I am using a map lookup, just like you. Your example shows the problem already:
$ curl -X GET http://localhost:8888/druid/v1/lookups/introspect/mapLookup/
{"1":"One","2":"Two","3":"Three"}
$ curl -X GET http://localhost:8888/druid/v1/lookups/introspect/mapLookup/keys
[1, 2, 3]
$ curl -X GET http://localhost:8888/druid/v1/lookups/introspect/mapLookup/values
[One, Two, Three]
The values returned in your example is NOT valid JSON. The values are not quoted. The correct response would be:
["One", "Two", "Three"]
Also, to check if it is valid JSON you could use jq:
$ curl -X GET http://localhost:8888/druid/v1/lookups/introspect/mapLookup/values | jq '.'
This also happens when the keys are strings. So the keys and values endpoints of the introspect API's are NOT returning valid JSON.

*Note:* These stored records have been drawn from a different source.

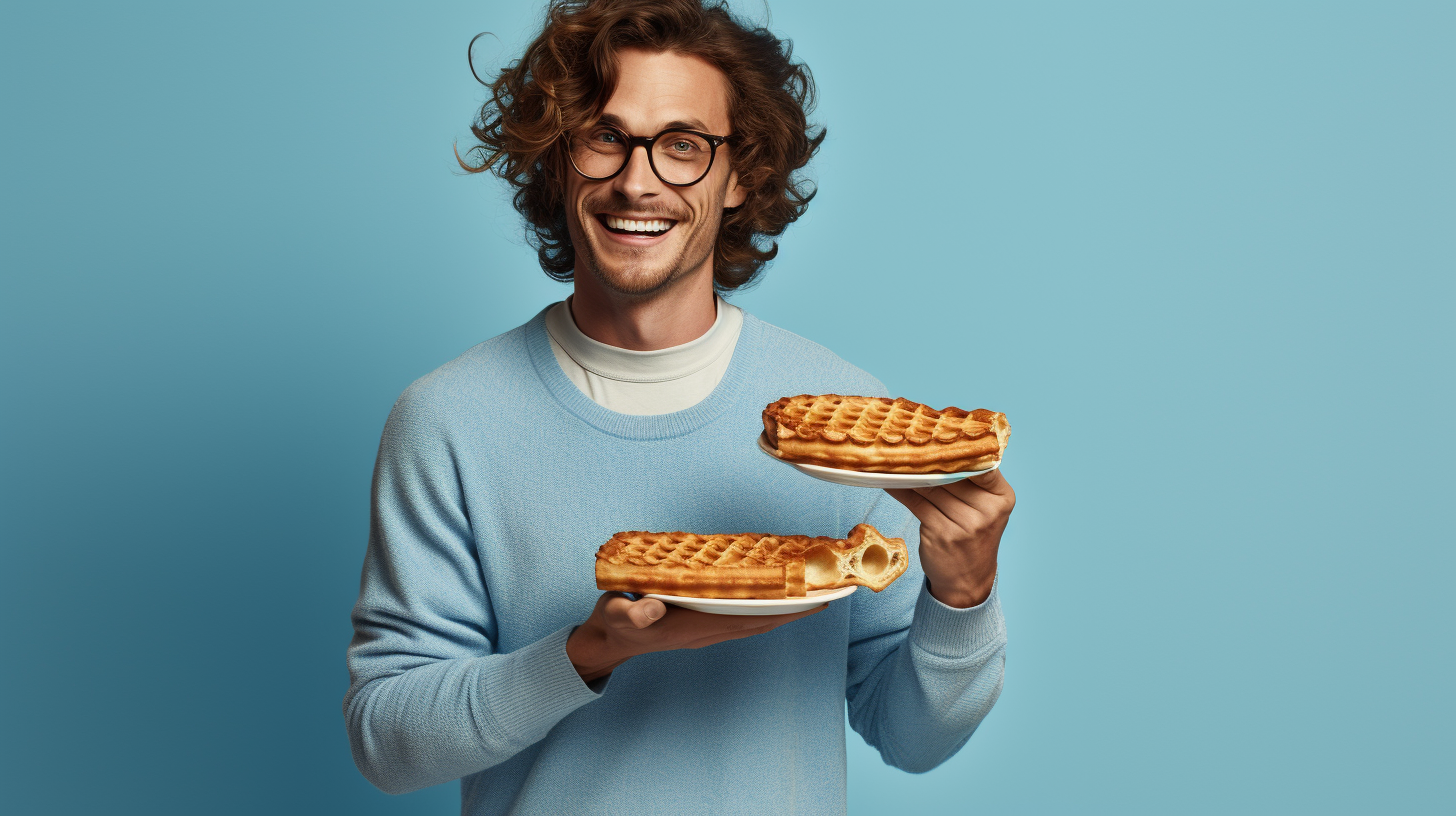 Smiling young man in dynamic pose wearing glasses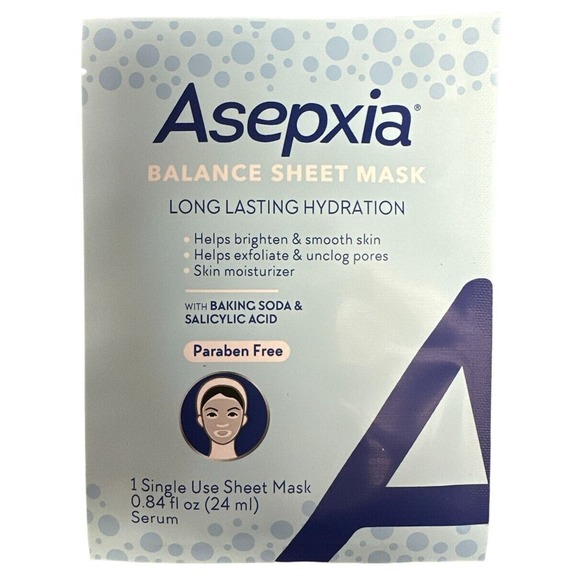 9 x Asepxia Balance Sheet Mask w/Baking Soda Salicylic Acid Oil Free Face Mask - Picture 1 of 2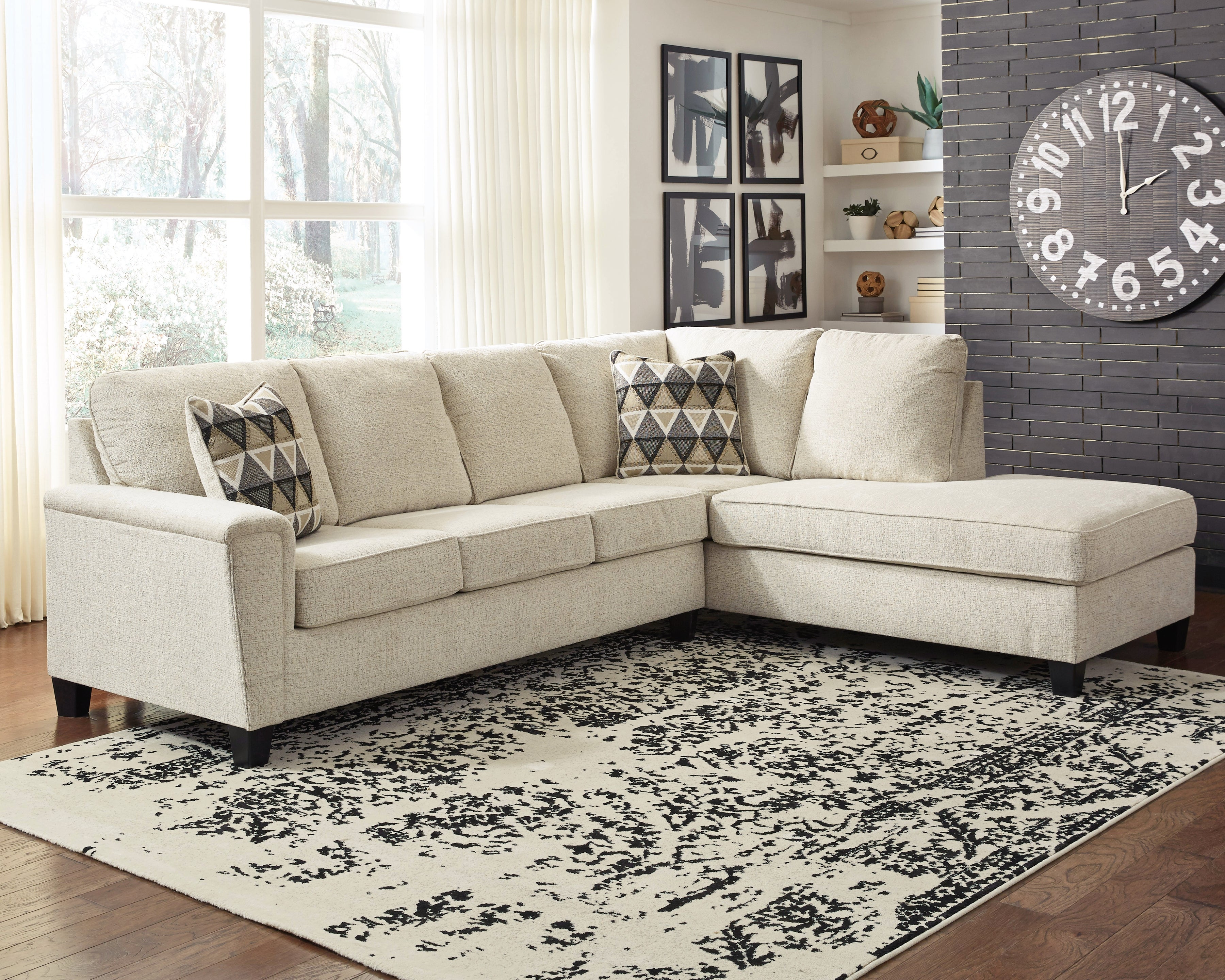 Leasing Furniture - Ashley Furniture - Abinger Sectional - LAF 2-Piece Sectional with Chaise / Natural - 83904S2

Finally, the version endpoint does not seem to work (indeed). However, it is documented that it should be there, so the documentation seems to be incorrect. See this page at the bottom: https://druid.apache.org/docs/latest/querying/lookups-cached-global/#introspection
@teyeheimans, that does look like a bug. This is the relevant introspection code for map lookups: https://github.com/apache/druid/blob/master/server/src/main/java/org/apache/druid/query/lookup/MapLookupExtractorFactory.java#L156.
I think getValues() response should just be map.values() instead of map.values().toString(), which would result in a String representation on the underlying collection. The same would apply to getKeys(). If that sounds about right, please feel free to raise a PR.
Btw, you can directly query a map lookup in SQL: SELECT "k", "v" FROM "lookup"."mapLookup". This should return the keys and values in the correct string form. The Druid web-console uses SQL instead of API to introspect values when you open the lookup modal.
Hi @abhishekrb19,
For the /version endpoint:
Documentation-wise
- It is indeed specified on the lookups-cached-global page, but, I think we should update the documentation to explicitly state that it is available only for the lookups of type
cachedNamespace. I can create a PR for this item.
Functionality-wise
- The introspection endpoint returns the internal version from CacheScheduler here https://github.com/apache/druid/blob/master/extensions-core/lookups-cached-global/src/main/java/org/apache/druid/query/lookup/NamespaceLookupIntrospectHandler.java#L78 ; but it is different from the version that gets specified when creating the lookup.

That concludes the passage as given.